• Stars
    star
    356
  • Rank 115,620 (Top 3 %)
  • Language
    C++
  • License
    MIT License
  • Created over 4 years ago
  • Updated 2 months ago

Reviews

There are no reviews yet. Be the first to send feedback to the community and the maintainers!

Repository Details

A Cython MeCab wrapper for fast, pythonic Japanese tokenization and morphological analysis.
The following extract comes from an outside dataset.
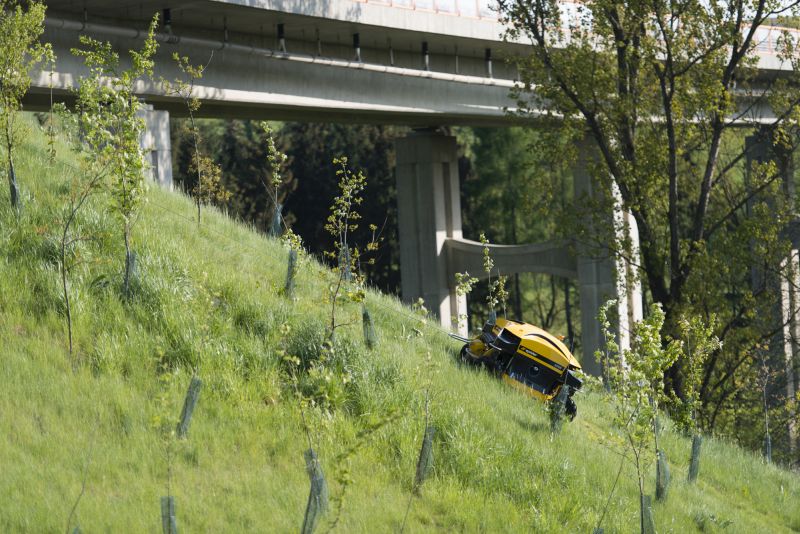 DrevoaStavby.cz Moderní technika a uměla inteligence pomáhá lesním školkám DrevoaStavby.cz Moderní technika a uměla inteligence pomáhá lesním školkám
Open in Streamlit Current PyPI packages Test Status PyPI - Downloads Supported Platforms

fugashi

fugashi by Irasutoya

fugashi is a Cython wrapper for MeCab, a Japanese tokenizer and morphological analysis tool. Wheels are provided for Linux, OSX (Intel), and Win64, and UniDic is easy to install.

issueを英語で書く必要はありません。

Check out the interactive demo, see the blog post for background on why fugashi exists and some of the design decisions, or see this guide for a basic introduction to Japanese tokenization.

If you are on a platform for which wheels are not provided, you'll need to install MeCab first. It's recommended you install from source. If you need to build from source on Windows, @chezou's fork is recommended; see issue #44 for an explanation of the problems with the official repo.

Known platforms without wheels:

  • musl-based distros like alpine #77
  • PowerPC
  • Windows 32bit

Usage

from fugashi import Tagger

tagger = Tagger('-Owakati')
text = "麩菓子は、麩を主材料とした日本の菓子。"
tagger.parse(text)
# => '麩 菓子 は 、 麩 を 主材 料 と し た 日本 の 菓子 。'
for word in tagger(text):
    print(word, word.feature.lemma, word.pos, sep='\t')
    # "feature" is the Unidic feature data as a named tuple

Installing a Dictionary

fugashi requires a dictionary. UniDic is recommended, and two easy-to-install versions are provided.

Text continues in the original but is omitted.